September 1, 2016 – It began with California and then Quebec, then Ontario, and now Mexico. An agreement to work on a common carbon market to reduce greenhouse gas emissions is expanding to include more and more North American jurisdictions. And although California is not mentioned in yesterday’s announcement, Mexico through its collaboration with the two Canadian provinces will inevitably get involved with the U.S. state (wall built or not).
How will it work?
The two provinces will be able to buy Mexican carbon credits and sell them to industries operating within their jurisdictions. Similarly Mexico will be able to purchase credits from the Canadian provinces to sell to the industries in its market. The revenue earned from the credits will be used by each jurisdiction differently. In the case of Quebec and Ontario, the focus is on funding green projects within the provinces. Mexico may choose to use the revenue similarly.
That certainly is the case in California based on a separate announcement yesterday. California legislature and governor agreed to put over $900 million collected through cap-and-trade into green projects focused on reducing emissions. The state so far has raised more than $1.4 billion in its carbon market but only two-thirds has yet been assigned to projects which include:
- subsidies for electric vehicles (EVs)
- investments in urban transit and green spaces
- energy efficiency upgrades to aging buildings
- affordable housing projects in low-income communities
Cap-and-trade is being tried in other countries as well. It was instituted as part of the European Union’s Emissions Trading Wcheme in 2005. China announced a regional and urban cap-and-trade pilot program in 2013 starting with the city of Shenzhen. In 2015 China added the cities of Beijing, Tianjin, Shanghai, and Chongqing as well as the provinces of Guangdong and Hubei. The next step will be a national rollout beginning in 2017.

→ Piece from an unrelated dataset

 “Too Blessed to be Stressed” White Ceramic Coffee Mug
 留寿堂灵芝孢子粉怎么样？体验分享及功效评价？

Ontario’s program takes effect on January 1, 2017.
If you are unfamiliar with how cap-and-trade works, it is a market driven scheme to reduce emissions and begins with a cap set on emissions. The cap is then lowered over time. The trade portion includes allocated carbon allowances which companies must meet within the cap. If they don’t they pay for credits to cover the excess emissions. Companies that are efficient in reducing emissions under their allocated allowance can sell the difference to companies that don’t meet theirs. First tried in the late 1980s in North America and eventually globally as a means to use market mechanisms to combat ozone depletion through emission reductions of chlorofluorocarbons, its application to greenhouse gases seems to be working already in Europe and California.

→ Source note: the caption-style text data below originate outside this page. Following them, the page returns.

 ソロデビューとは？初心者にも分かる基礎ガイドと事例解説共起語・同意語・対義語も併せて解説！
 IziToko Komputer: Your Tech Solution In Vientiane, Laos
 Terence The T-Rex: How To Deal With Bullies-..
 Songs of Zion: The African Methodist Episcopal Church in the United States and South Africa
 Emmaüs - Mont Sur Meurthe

Not everyone is sold on cap-and-trade as a mechanism for combating greenhouse gas emissions and climate change. George Soros, the billionaire, in 2007 stated, “The cap-and-trade system of emissions trading is very difficult to control and its effects are diluted…It is precisely because I am a market practitioner that I know the flaws in the system.” Others describe it as a stealth approach to combating climate change rather than tackling it head on. Companies with deep pockets can purchase offset credits and continue to produce carbon pollution with impunity while passing the costs on to their customers.